Fifth question: How long have you considered yourself an Anarcho-Capitalist?

"I don't consider myself an anarcho capitalist" garnered 10% of respondents. So 90% do, and so far, we have a demographic population that fits within that self-identification. The fact that 10% didn't consider themselves part of that demographic should be enough to pause and wonder if the overall demographic picture applies to the Anarcho-Capitalist. In any other setting, this would tend to be the case. But the fact that our demographic fits within the 90th percentile almost even-handedly gives you a greater reason to think that there is a correlation here rather than a false causal relationship. So, for the benefit of this particular question, we're going to be dealing with totals of self-identified Anarcho-Capitalists rather than total respondents. What we find isn't too surprising.

78% of self-identified Anarcho-Capitalists say they have considered themselves as such for less than five years. All the numbers skew heavily to the six-month to two years range anyway, but overall the numbers skew heavily downward, with few to none reporting in the categories above two years. Again, due to the age-ranges we're dealing with, this shouldn't be too surprising. But when you look at the age-range of all respondents and compare it to the length of time Anarcho-Capitalists have considered themselves such, you see a disturbingly high turnover rate. This is not an ideology with staying power, or else you should see it skew a little closer to the 5-10 year range, given that most appear to have been exposed to this ideology in high school. So, obviously, education is partly involved in one's acceptance of Anarcho-Capitalism, but it looks like continued education and/or real-world applicability provides education enough to show that Anarcho-Capitalism has deeply inherent flaws and make people jettison this ideology fairly early on, which doesn't give a lot of time for Anarcho-Capitalists to really develop their theories the way Marxists have been able to develop theoretical approaches and applications over the course of a lifetime.

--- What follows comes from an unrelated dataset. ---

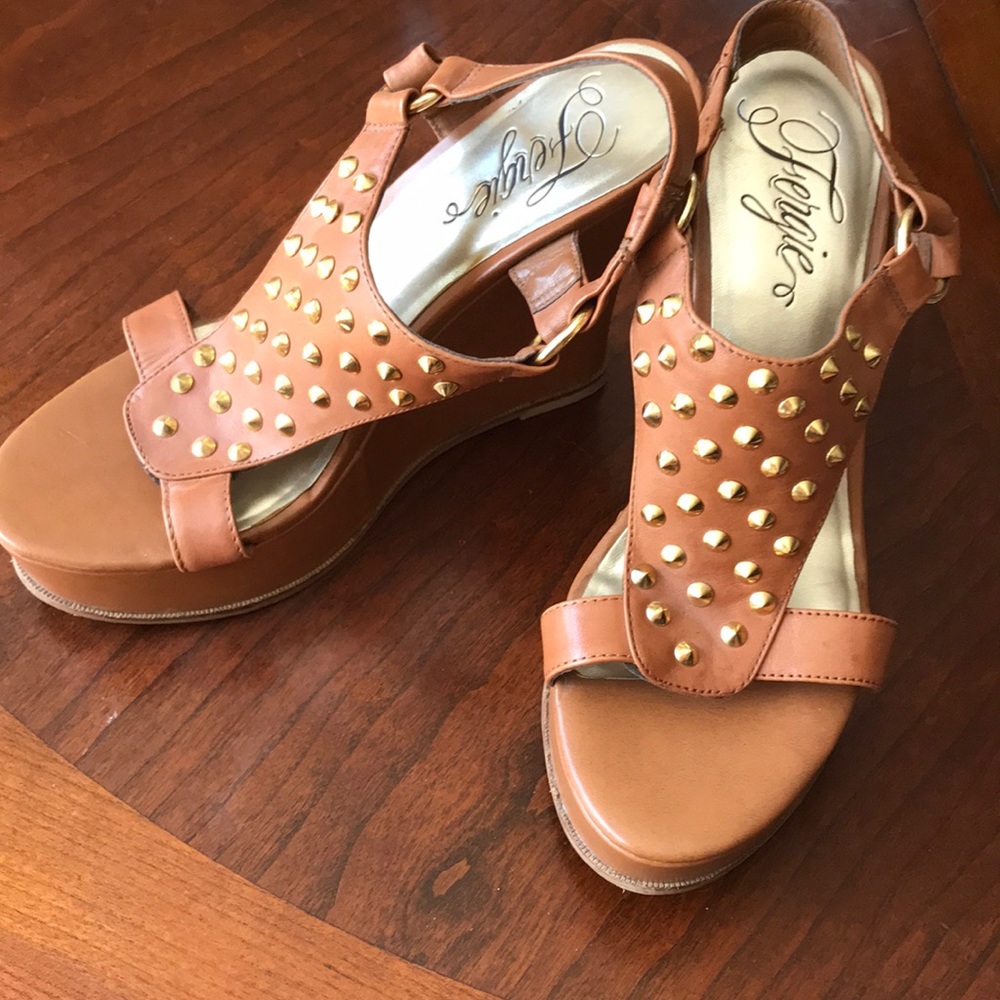 Fergie Tan Leather Wedges with Gold Studs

The sixth question involves religion. I'll let you infer what you will based on the (largely confirmed) stereotype what 71% of respondents gave as a single answer to "Do you consider yourself religious?"

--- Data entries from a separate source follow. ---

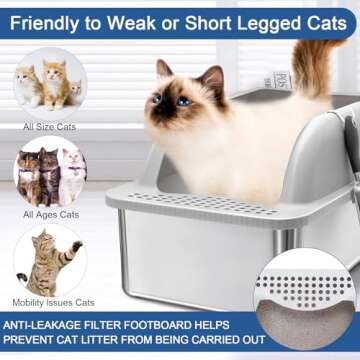 KareCute 14" Stainless Steel Cat Litter Box for Big Cats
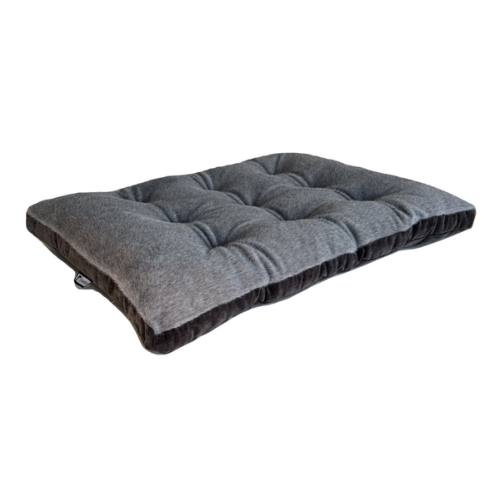 Bowsers Pet Dream Faux Fur Futon Pillow Crate Mat Bed — Otter + Carbon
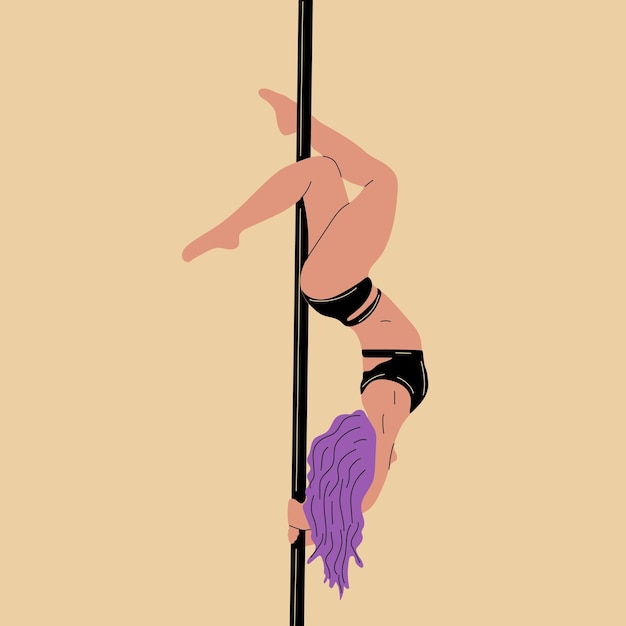 Young pole dance woman in black leotard, cartoon style vector illustration isolated on  background.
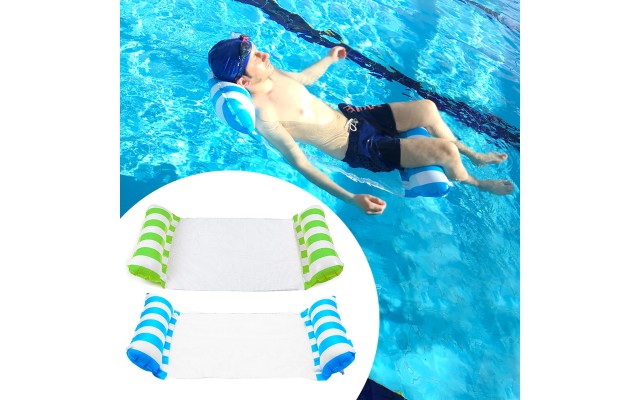 2 Pack Inflatable Water Hammock, Air Mattress, Aqua Lounger & Floating Sleep Pillow for Swimming Pool or Beach – Foldable & Easy to Carry, 2 Pack (Green+Blue)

In summation, what we are dealing with when we encounter the Anarcho-Capitalist is a young, privileged male, principally between the ages of 15-26, who lives in the First World, has had some education, and has a predilection for private-sector or self-employment. This is the epitome of the "I am special" spoiled suburban demographic. The fact that the overwhelming majority of self-identified Anarcho-Capitalists have been such for less than five years, with a large majority of those only having considered themselves Anarcho-Capitalists for less than two years, means that there is something happening to the Anarcho-Capitalist the longer they try and defend the ideology and underlying philosophies or else apply them. Some transformative element is causing them to jettison the ideology at around the time they should be developing a mature understanding of it. By contrast, I have been a self-identified Marxist since I was 14. Twelve years later, I am writing a blog about a United Left. In the time I have been studying Marxism, I could have earned a bachelor's degree and four post-graduate degrees. Most Anarcho-Capitalists have not been studying their ideology long enough to even be close to finishing a bachelor's degree.

The final line is that when we on the Left accuse Anarcho-Capitalists of being petulant children, we aren't exactly being unfair. And to add insult to injury, consider the fact that they represent everything we seek to overthrow and you realize they are ultimately the enemy. In a hypothetical revolutionary situation (violent, of course) their guns will be aimed at us. So when we call them petulant children, we get to do so with our tongues sticking out because we have demographic proof that what we say isn't name calling; it's an observable fact.